Esto conlleva, necesariamente, una transformación importante de ese espacio físico, pues las cárceles dejan de ser “mazmorras insalubres” para convertirse en lugares “posibilitadores” para que la pena privativa de libertad pueda llegar a cumplir con ese objetivo prioritario asignado a la misma -el objetivo resocializador-, dando lugar a una nueva arquitectura penitenciaria, que ha ido pareja al objetivo resocializador de la pena privativa de libertad, al disponer los Centros penitenciarios de espacios que facilitan unas condiciones de habitabilidad dignas de la condición humana y, que responden a la doble función de lugar de custodia y espacio favorecedor de la rehabilitación.

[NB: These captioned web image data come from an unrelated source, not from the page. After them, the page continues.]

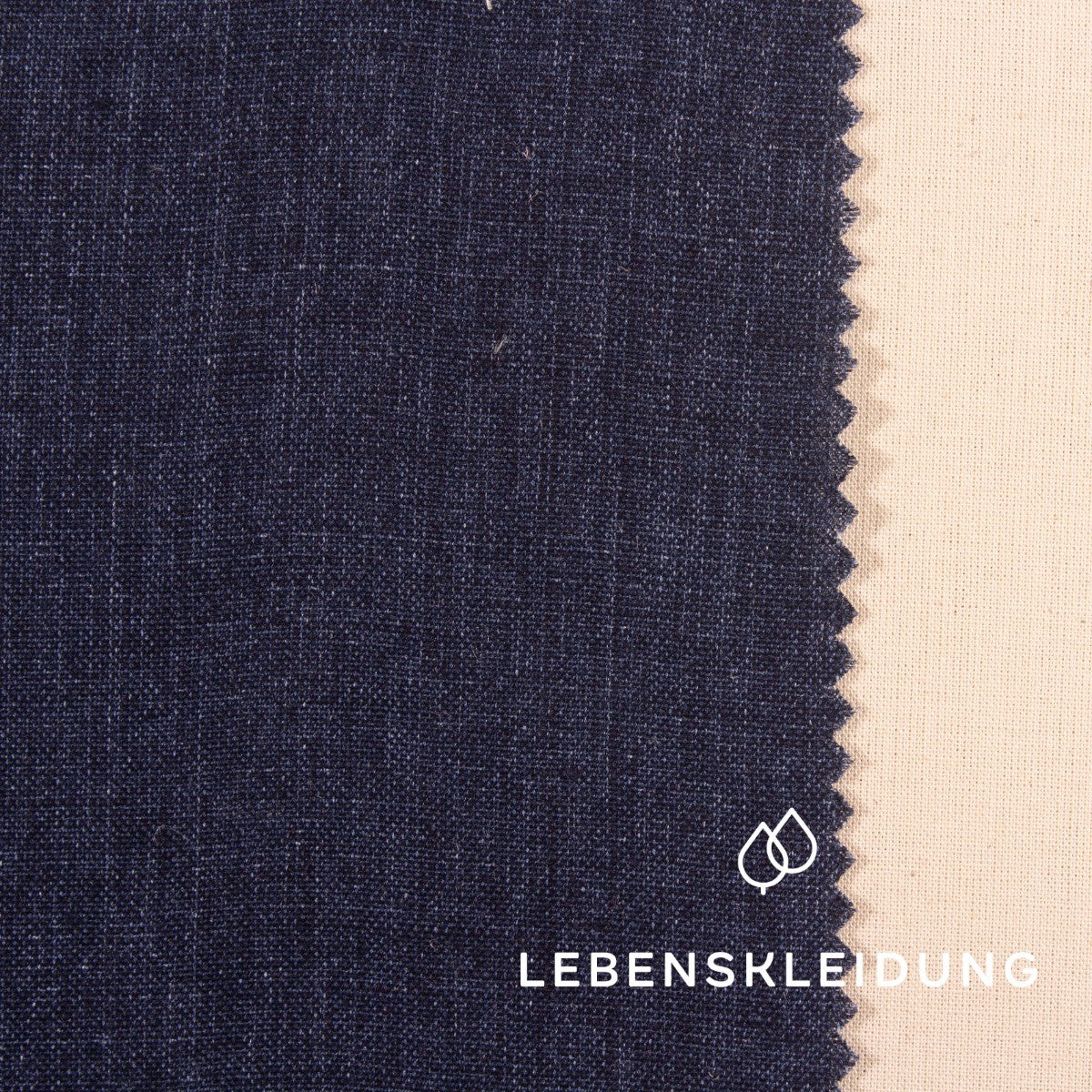 Tissu en lin - échantillon denim délavé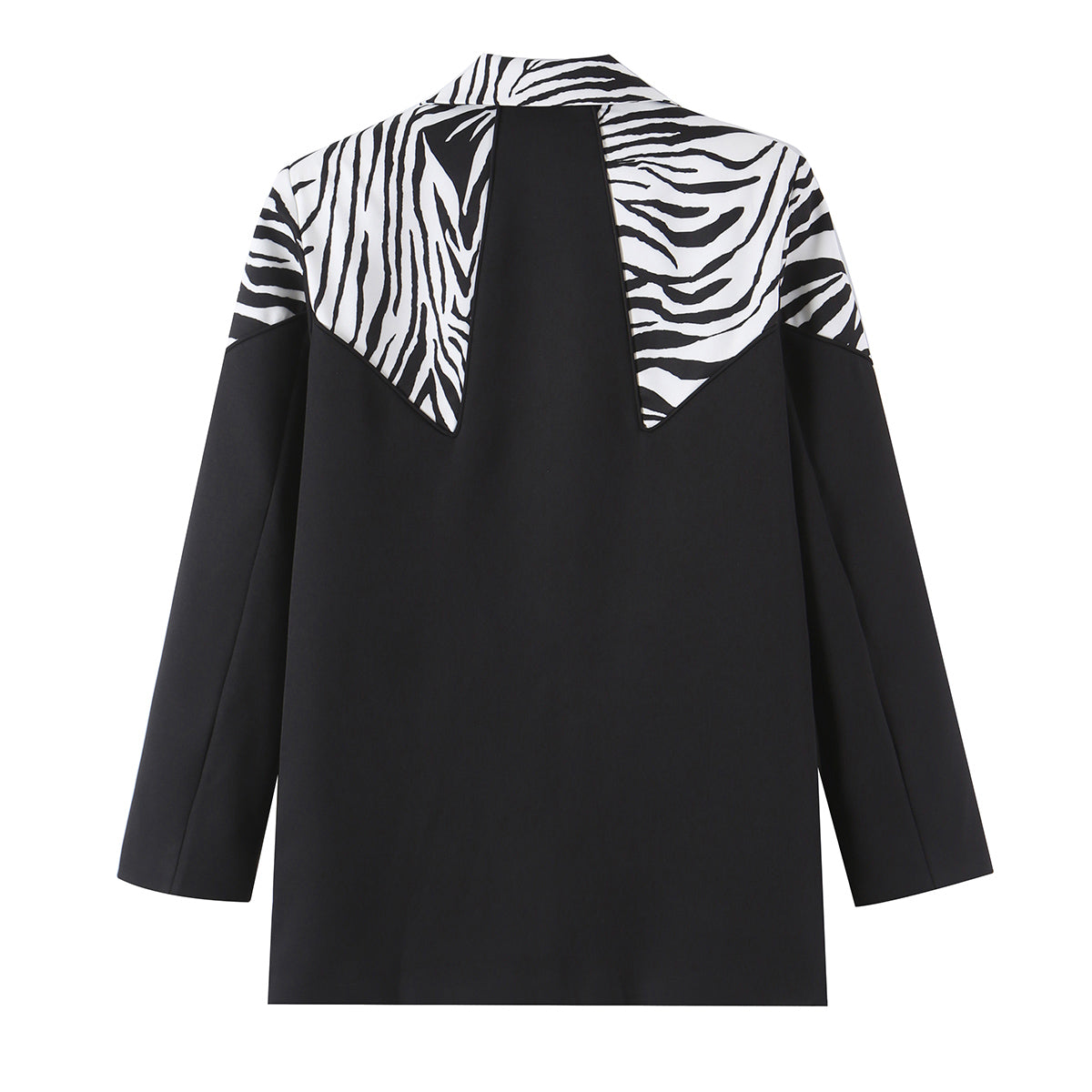 Women's Zebra-Print Collared Blazer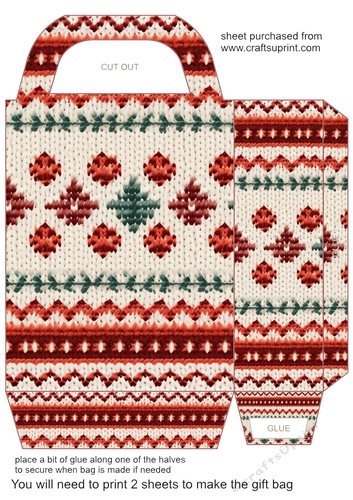 Christmas jumper gift bag 9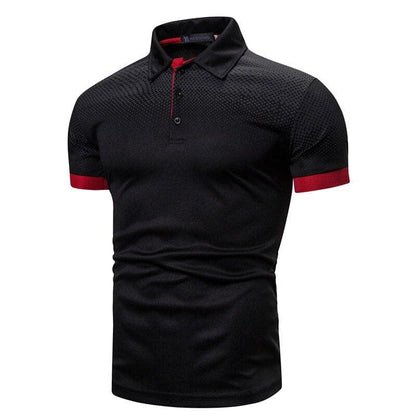 Men's Slim Fit Polo Shirt Lightweight Short Sleeve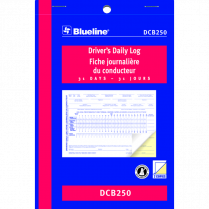 Blueline® Driver's Daily Log Book 2-Part 31 sets 5-3/8" x 8"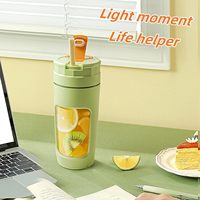 Mesin pemeras jus buah elektrik Mini portabel, mesin pemeras jus lambat jeruk Lemon pemeras dingin portabel kecil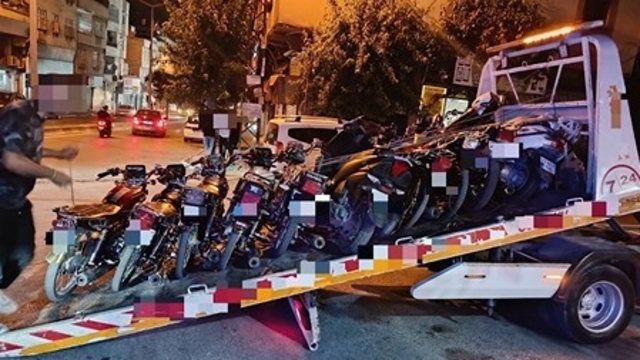 Gaziantep'te motosiklet denetimi: 208 sürücüye 3 milyon 907 bin lira ceza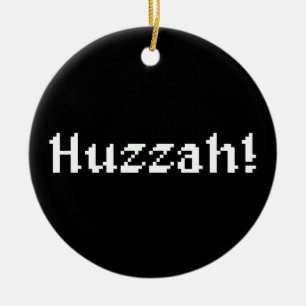 8 Bit Huzzah! Ceramic Tree Decoration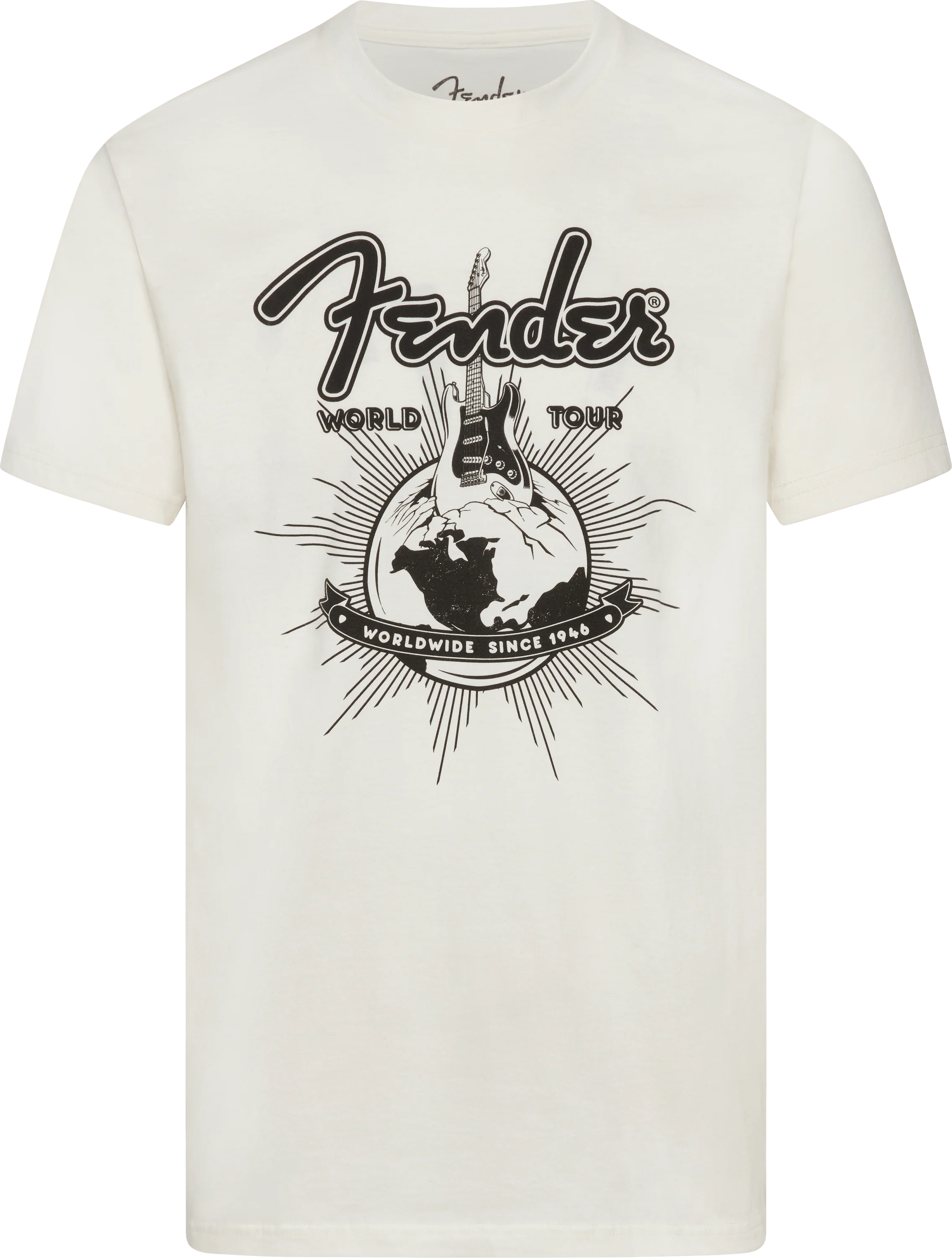 Fender® World Tour T-Shirt, Vintage White 6 Fender® World Tour T-Shirt, Vintage White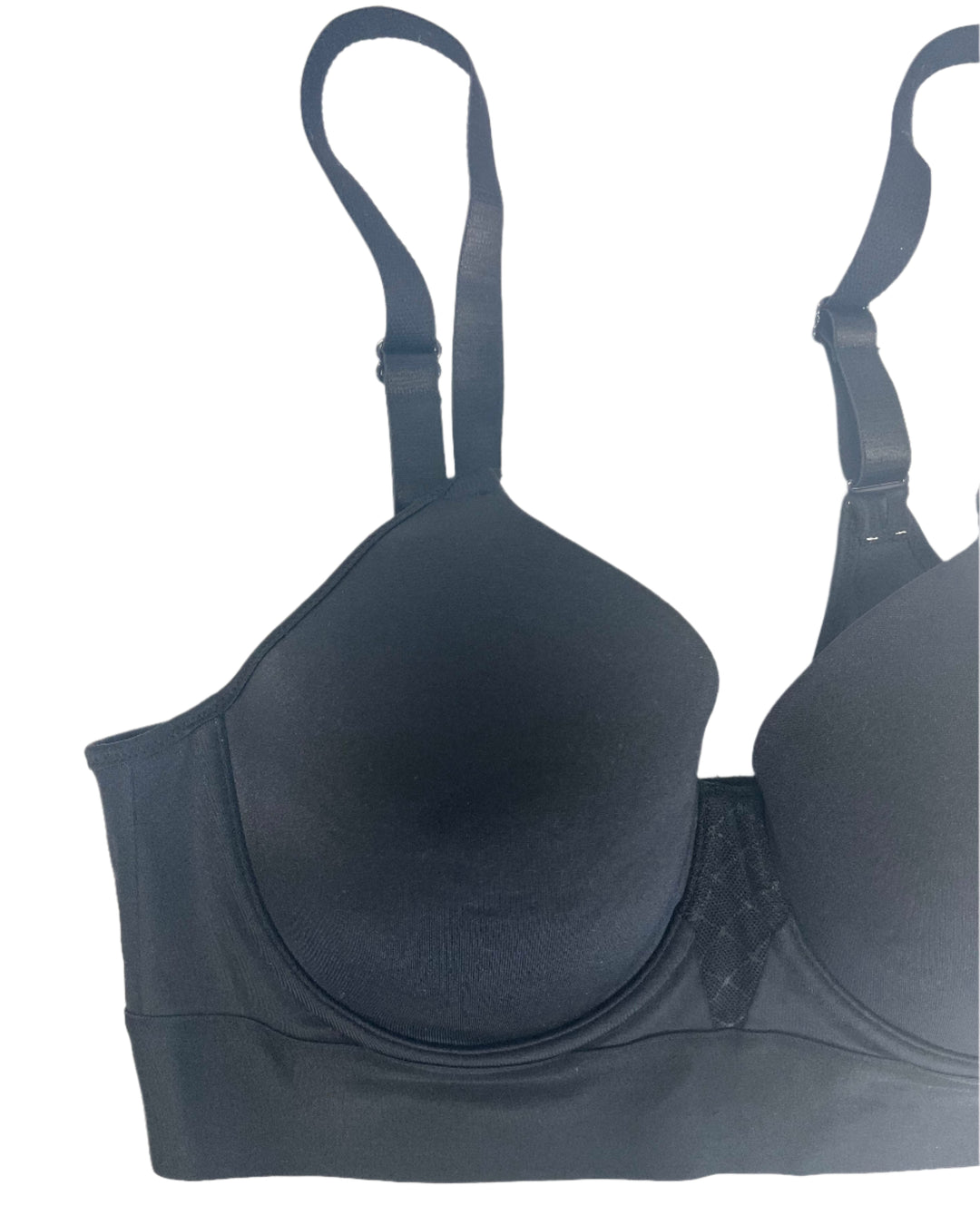 Jet Black Underwire Bra With Thick Underband - 34C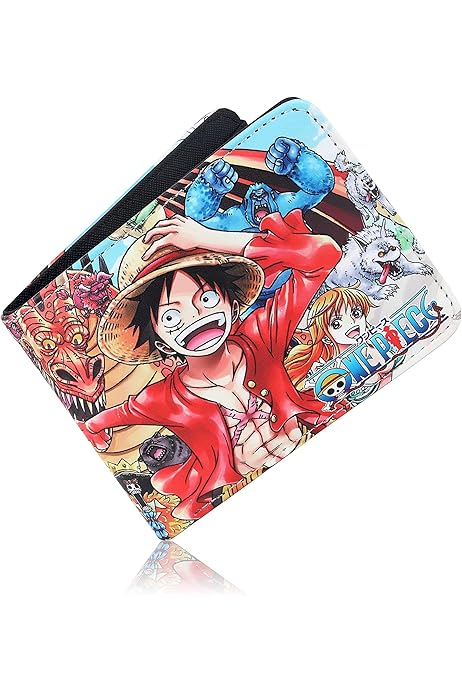 Luffy One Piece Billetera One Piece Luffy Cuero Sintético Con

De esta forma, podemos afirmar, que nuestros Centros penitenciarios están diseñados para ser instrumentos eficaces para la reinserción de los internos; es así como la cárcel pierde su exclusiva función punitivo-custodial y se transforma en un marco de tratamiento orientado a la búsqueda del escenario más propicio para llevar a cabo los fines del cumplimiento de la pena privativa de libertad, la retención del interno como premisa y la reeducación y reinserción social como meta.
Este marco de tratamiento en el que se ha convertido la prisión implica un “escenario conductual” de convivencia pacífica y ordenada, donde entran en juego dos elementos, por una parte, un nivel de implicación del individuo en los problemas concretos de este “escenario conductual” y, por otra, un nivel de integración grupal.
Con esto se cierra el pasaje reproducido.